Le monde du travail fait face à de nombreux défis qui freinent l’émergence économique du pays dans un climat social apaisé. En marge d’un atelier axé sur la feuille de route sociale, le secrétaire général du syndicat des inspecteurs et contrôleurs du travail a fustigé le traitement fait par le gouvernement à l’administration du travail. 

Le Sénégal est en passe d’adopter une feuille de route sociale dans les années à venir. La matérialisation d’un tel objectif permettra  de faire face  aux multiples défis qui touchent l’entreprise, le monde du travail, la compétitivité et la cohésion sociale. Toutefois, des inspecteurs et contrôleurs du travail estiment qu’il y a des préalables afin que cette mesure soit effective. Ils étaient hier en atelier restreint tripartite de finalisation de la feuille de route sociale et de validation du plan d’action du pacte national de stabilité sociale et d’émergence économique ouvert à Saly.

 

Pour ces inspecteurs, le renforcement de l’administration du travail constitue une priorité. «Il est impensable de vouloir mettre en route le pacte de stabilité sociale si on n’a pas une administration du travail forte. Il faut renforcer  l’administration  sur le plan de la logistique et des moyens financiers», a laissé entendre Mansour Fall, secrétaire général du syndicat des inspecteurs et contrôleurs du travail  de la sécurité sociale.

Pour ces inspecteurs du travail, c’est un paradoxe de voir mettre de l’argent pour former les inspecteurs et contrôleurs et ne pas mettre de mécanismes pour les retenir. «Il est illusoire de vouloir mettre les gens dans le pacte de stabilité sociale s’il n’y a pas un travail décent c'est-à-dire un salaire conforme à la législation, une protection sociale au niveau des entreprises», indique Fall. Pour cet inspecteur du travail, pour l’effectivité du pacte national de stabilité sociale, il faut aller au-delà des effets d’annonce. Selon lui, il faut faire de l’action la sœur du rêve. «Il est clair que lorsqu’on a de l’ambition, il y a des préalables. La volonté ne suffit pas. On est en train de rêver avec le pacte de stabilité sociale, mais le rêve doit être le levier de l’action comme le disait Lénine», font savoir les participants à l’atelier. Prenant l’exemple de l’inspection de travail de Dakar où si l’on doit contrôler plus de six mille entreprises, ni les moyens humains ni de locomotion ne sont insuffisants. «A chaque fois, on enregistre des départs de collègues qui nous quittent faute de moyens et de traitement salarial adéquat.

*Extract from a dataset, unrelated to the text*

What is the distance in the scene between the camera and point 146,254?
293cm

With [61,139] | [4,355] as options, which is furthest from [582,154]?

Nous nous considérons comme des soldats de la paix sociale. Un soldat on ne peut lui demander d’aller en guerre contre un fléau sans lui donner les armes nécessaires», a ajouté M. Fall.

Le ministre du Travail, du Dialogue social, des Organisations professionnelles et des Relations avec les Institutions Mansour Sy, pour sa part a reconnu que de meilleures perspectives impliquent un renforcement des missions et moyens des services d’intervention de l’administration du travail. «La situation du dialogue social au Sénégal est une préoccupation permanente de tous les acteurs sociaux. Faire donc son état des lieux et en dresser ses meilleures perspectives consiste à revisiter dans son ensemble le socle ou le fondement qui sous-tend toutes les relations professionnelles dans notre pays. C’est cet exercice que vous serez amenés à faire durant vos trois jours de travaux », a souligné Mansour Sy.

 «Nous avons pensé utile qu’après avoir signé le pacte national de stabilité sociale et d’émergence économique de l’adosser à un plan d’action structuré autour de seize mesures et trente-huit objectifs spécifiques sur lesquels nous aurons à travailler durant ces trois jours», indique le représentant du secteur privé, Aristide Tino Adediran. Selon lui, la participation à cet exercice va redonner confiance à l’ensemble des acteurs particulièrement ceux du secteur privé.